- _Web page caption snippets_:

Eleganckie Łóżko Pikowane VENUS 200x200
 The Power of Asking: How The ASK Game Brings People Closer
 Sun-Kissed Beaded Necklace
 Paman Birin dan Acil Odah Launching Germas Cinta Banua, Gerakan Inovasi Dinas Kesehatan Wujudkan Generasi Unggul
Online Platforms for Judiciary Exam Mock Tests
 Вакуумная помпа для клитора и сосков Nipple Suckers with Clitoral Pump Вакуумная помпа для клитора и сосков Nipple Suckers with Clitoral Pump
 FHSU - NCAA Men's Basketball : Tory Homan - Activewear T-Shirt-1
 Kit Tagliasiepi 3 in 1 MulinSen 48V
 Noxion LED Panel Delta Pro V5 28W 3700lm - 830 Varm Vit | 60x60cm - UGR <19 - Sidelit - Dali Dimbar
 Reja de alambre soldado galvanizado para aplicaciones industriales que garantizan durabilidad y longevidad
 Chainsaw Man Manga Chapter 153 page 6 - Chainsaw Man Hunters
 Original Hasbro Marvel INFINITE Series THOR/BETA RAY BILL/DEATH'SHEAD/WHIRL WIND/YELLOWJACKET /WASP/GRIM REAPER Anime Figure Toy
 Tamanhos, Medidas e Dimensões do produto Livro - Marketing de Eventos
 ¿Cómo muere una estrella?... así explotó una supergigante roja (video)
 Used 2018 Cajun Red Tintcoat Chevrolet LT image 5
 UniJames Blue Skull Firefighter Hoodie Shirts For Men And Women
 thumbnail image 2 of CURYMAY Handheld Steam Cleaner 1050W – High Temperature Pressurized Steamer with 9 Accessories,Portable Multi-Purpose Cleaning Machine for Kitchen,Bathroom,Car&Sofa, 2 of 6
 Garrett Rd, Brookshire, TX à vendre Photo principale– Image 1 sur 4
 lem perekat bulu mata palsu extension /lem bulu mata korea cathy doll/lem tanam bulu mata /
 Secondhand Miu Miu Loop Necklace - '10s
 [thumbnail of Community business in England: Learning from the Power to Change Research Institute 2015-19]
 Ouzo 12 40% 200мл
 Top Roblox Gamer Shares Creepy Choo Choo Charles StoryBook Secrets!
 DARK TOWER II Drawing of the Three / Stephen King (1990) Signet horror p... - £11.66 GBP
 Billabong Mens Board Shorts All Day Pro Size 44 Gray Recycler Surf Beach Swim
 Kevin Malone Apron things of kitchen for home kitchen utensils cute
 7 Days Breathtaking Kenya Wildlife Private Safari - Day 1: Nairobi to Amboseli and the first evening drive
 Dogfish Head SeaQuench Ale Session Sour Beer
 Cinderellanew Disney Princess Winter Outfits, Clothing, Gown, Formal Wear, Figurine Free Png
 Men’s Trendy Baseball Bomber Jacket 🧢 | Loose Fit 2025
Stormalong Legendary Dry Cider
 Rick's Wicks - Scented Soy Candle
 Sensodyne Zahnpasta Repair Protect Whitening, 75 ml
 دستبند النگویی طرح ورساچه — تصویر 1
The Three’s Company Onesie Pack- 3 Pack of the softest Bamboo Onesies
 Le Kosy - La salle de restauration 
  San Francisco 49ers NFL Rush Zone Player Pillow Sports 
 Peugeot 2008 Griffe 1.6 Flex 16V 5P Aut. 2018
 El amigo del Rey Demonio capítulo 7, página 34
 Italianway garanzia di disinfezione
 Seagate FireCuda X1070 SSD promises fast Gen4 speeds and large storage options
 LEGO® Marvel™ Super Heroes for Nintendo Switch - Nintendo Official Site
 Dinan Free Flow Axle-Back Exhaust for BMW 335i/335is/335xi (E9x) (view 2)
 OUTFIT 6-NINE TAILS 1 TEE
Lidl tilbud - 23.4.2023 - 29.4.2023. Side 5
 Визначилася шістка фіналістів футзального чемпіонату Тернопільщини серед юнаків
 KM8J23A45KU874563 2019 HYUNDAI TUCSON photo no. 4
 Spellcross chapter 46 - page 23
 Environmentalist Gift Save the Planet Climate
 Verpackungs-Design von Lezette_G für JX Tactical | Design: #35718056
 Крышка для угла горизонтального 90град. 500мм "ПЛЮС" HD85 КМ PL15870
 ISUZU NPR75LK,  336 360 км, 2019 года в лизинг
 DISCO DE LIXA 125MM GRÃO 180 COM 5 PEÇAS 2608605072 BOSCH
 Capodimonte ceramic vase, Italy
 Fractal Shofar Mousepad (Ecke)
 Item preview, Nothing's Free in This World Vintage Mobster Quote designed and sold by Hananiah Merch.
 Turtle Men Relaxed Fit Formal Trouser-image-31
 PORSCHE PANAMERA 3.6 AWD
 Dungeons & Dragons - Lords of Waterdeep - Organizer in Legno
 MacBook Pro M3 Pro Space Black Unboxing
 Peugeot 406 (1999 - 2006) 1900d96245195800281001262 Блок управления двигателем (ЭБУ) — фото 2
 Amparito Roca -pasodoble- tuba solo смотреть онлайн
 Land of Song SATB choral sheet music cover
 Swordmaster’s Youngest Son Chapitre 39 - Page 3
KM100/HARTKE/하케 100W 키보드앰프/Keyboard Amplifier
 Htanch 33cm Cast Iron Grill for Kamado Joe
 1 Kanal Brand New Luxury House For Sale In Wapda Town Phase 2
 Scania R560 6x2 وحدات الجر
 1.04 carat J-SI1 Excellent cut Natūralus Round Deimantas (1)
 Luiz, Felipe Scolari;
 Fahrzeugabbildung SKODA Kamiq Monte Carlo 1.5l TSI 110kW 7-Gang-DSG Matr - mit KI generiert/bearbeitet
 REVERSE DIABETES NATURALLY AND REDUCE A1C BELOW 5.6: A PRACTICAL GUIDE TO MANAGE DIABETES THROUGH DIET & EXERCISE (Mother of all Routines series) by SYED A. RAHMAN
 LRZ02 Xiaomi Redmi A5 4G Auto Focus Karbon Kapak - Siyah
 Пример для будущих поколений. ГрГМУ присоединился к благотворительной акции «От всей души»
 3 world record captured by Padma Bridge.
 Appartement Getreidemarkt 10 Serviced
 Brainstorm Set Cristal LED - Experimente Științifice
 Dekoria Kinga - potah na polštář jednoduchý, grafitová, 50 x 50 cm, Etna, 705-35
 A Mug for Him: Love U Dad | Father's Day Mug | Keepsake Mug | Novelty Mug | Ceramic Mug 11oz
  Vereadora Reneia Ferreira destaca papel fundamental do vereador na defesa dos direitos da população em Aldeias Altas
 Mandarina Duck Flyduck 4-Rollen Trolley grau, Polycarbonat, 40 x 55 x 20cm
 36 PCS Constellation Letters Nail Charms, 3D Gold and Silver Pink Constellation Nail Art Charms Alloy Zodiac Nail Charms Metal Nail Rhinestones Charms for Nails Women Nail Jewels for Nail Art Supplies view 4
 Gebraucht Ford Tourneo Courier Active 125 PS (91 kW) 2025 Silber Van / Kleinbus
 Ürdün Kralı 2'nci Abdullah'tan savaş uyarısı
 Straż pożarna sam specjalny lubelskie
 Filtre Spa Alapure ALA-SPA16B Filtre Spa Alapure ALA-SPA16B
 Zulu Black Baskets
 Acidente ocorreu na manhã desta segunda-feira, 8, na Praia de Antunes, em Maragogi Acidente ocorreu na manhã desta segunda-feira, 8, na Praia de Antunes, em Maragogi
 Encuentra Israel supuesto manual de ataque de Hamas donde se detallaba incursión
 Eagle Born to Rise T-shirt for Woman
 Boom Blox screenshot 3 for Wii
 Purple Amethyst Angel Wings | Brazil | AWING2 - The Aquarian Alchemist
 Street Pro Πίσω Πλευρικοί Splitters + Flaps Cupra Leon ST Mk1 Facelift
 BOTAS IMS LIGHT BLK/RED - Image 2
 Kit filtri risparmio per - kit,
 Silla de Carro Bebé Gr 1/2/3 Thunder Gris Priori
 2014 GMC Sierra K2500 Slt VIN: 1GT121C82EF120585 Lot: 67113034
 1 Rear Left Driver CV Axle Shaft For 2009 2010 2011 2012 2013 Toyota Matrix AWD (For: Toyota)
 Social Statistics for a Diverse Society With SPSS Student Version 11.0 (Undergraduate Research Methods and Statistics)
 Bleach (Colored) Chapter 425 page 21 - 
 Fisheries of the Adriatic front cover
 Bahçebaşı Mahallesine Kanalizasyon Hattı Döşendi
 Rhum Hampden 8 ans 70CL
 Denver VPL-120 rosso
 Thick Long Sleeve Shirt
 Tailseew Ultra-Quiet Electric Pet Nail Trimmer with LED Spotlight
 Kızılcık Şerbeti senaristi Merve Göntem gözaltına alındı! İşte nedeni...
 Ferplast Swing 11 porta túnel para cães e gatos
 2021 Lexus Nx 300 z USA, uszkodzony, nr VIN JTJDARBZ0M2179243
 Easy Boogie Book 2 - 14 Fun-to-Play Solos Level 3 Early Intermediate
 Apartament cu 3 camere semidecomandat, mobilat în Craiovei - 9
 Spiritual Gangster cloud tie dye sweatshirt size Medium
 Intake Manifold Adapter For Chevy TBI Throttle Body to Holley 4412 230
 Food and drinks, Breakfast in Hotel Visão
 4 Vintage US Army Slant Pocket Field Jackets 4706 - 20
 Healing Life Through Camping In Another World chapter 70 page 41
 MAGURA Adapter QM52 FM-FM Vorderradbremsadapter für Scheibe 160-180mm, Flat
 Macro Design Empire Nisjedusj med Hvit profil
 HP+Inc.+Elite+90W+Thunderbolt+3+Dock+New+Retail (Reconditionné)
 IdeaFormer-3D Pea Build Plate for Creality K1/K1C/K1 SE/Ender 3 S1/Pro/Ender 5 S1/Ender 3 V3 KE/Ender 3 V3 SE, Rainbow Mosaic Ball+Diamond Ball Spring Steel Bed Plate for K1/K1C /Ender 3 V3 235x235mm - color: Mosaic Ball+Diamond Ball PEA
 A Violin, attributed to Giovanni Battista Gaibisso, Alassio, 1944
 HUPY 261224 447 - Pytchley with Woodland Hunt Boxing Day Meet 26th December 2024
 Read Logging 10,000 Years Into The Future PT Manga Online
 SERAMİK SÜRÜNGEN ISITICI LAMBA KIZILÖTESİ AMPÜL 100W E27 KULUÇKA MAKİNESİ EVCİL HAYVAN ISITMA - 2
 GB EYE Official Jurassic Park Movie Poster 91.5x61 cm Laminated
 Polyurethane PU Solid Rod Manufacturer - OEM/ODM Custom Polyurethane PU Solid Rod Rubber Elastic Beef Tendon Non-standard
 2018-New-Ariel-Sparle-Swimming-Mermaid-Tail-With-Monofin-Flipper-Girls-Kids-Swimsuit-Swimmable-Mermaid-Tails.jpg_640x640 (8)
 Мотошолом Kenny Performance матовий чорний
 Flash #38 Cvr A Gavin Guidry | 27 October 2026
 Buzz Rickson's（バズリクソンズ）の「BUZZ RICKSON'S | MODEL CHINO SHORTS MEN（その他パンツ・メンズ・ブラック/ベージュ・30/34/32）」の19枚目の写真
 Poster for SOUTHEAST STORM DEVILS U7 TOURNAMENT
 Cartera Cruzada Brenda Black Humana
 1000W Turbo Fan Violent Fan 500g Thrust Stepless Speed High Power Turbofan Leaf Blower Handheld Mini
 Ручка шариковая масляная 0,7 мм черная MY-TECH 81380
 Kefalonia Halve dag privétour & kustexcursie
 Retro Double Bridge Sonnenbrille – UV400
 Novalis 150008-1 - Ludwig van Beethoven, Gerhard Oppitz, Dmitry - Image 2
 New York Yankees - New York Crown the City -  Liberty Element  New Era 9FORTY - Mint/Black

- _Your task_: Each line that contains the string "Women" should be copied from the data above.

- _Written response_:
 UniJames Blue Skull Firefighter Hoodie Shirts For Men And Women
 36 PCS Constellation Letters Nail Charms, 3D Gold and Silver Pink Constellation Nail Art Charms Alloy Zodiac Nail Charms Metal Nail Rhinestones Charms for Nails Women Nail Jewels for Nail Art Supplies view 4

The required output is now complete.